J'ai des souvenirs des temps anciens de l'informatiques lorsque certains programmes conséquents n'étaient supportables par les machines de l'époque qu'en tournant la nuit alors que les traitements en ligne diurnes n'avaient pas cours, et précisément pour éviter que ceux-ci qui étaient en lien direct et immédiat avec les opérations des clients, ne tombent, bloqués, de certains hauts hiérarchiques qui après avoir demandé la modification de tel ou tel paramètre exigeaient qu'on relançât immédiatement la nouvelle version sans attendre la nuit. On avait beau expliquer que non seulement le traitement ne passerait pas, trop lourd, qu'il allait surcharger la machine au point d'être rejeté, non sans avoir fait planter tous les traitements en cours de tous les utilisateurs y compris ceux face aux clients, qu'il n'y avait que la nuit en heure creuse de des programmes de l'ampleur de celui requis pouvaient tourner, que les résultats seraient disponibles première heure du lendemain, beaucoup d'entre eux ne voulaient rien entendre.
- Lancez, on verra bien.
- C'est tout vu ça va planter. Il nous faudrait sinon des machines plus puissantes.
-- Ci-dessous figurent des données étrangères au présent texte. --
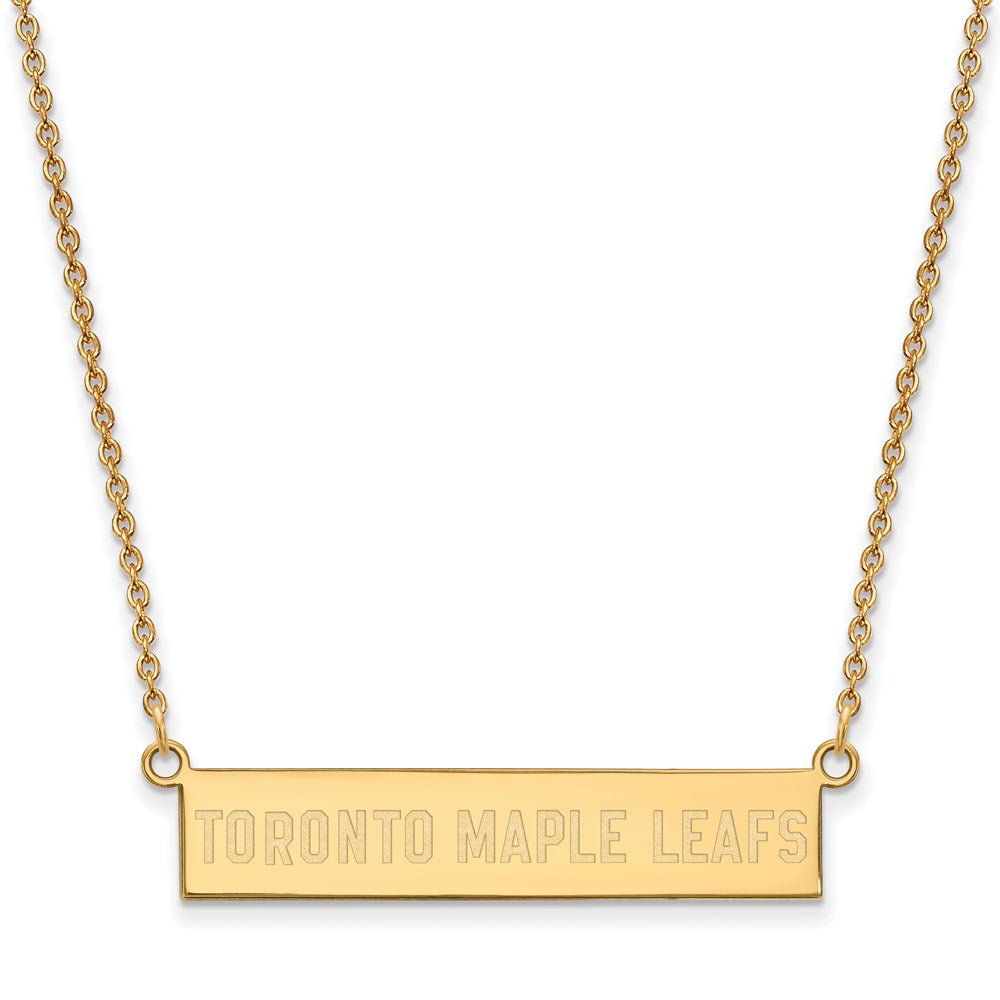 SS 14k Yellow Gold Plated NHL Maple Leafs SM Bar Necklace, 18 Inch, Item N22638 by The Black Bow Jewelry Co.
Ils avaient trop l'habitudes d'une réalité pliée, celle de leur volonté imposée aux autres sans soucis des conséquences. Les ambitieux subalternes temporaires se contentaient d'obéir, de sembler surpris du dysfonctionnement, qu'ils n'avaient de cesse que d'imputer à autre chose qu'à sa cause réelle, entre-temps la nuit venait, le programme pouvait passer au moment qui convenait et ils se présentaient au matin comme les sauveurs d'une situation compromise.
J'imagine que quelque chose de cet ordre c'est joué là. Personne n'a osé dire suffisamment fort que ça allait coincer pour des gens en cours de route, qu'il n'était pas décent de faire ça [déjà que], sans donner de date de mise en place dans un futur au moins assez éloigné pour ne concerner aucun avion déjà décollé. Et ça serait déjà bien le bazar si la mesure intervenait à partir de lundi ou du 1er février, mais pas tout de suite, pas juste là, maintenant, je signe et le temps que j'aille ensuite pisser on commence à bloquer les gens.
Personne dans son entourage n'aura osé s'opposer à la réalité pliée de l'apprenti dictateur.
Ça promet.
Ou alors c'est délibéré de leur part (- mais, et les gens en cours de route ? - don't care, on les arrête à l'arrivée, tant pis pour eux).
Et alors ça promet pire.
La démocratie Américaine, par le résultat de ces plus récentes et peut-être dernières élections présidentielles, s'est offert un crash-test grandeur nature, sans prototype à sacrifier sans trop devoir s'en inquiéter. It's for real. Puissent les différents acteurs de la mécanique politique et les citoyens responsables et intelligents (4) parvenir à éviter le pire.
(1) J'ai connu une exception : les tout débuts de Mitterrand en 1981. Mais ça n'a vraiment pas duré longtemps. Il en reste ici ou là 39h/semaine, un peu de congés payés en plus, le prix unique du livre (ce qui me permets à moi et à d'autre d'avoir encore du travail dans des conditions humaines) et ... la fête de la musique.
(2) Déjà que de toute la semaine il n'avait pas chômé. On en viendrait presque à regretter qu'il ne soit pas un peu fainéant.
(3) Je rigole, en fait, je n'arrive déjà pas à comprendre ça, mais disons que je parviens à concevoir que des personnes à la fois peureuse et munies d'un complexe de supériorité et paniquées par la recrudescence des attentats dans les pays occidentaux depuis le 7 janvier 2015, tiennent des raisonnements de ce type.
(4) Au passage, les jeunes chefs d'entreprises fleurissantes qui sortent de leur réserve pour dire Halte là, vous allez nous empêcher de travailler si vous continuez, sont peut-être les meilleurs remparts. C'est bien s'ils tiennent bon.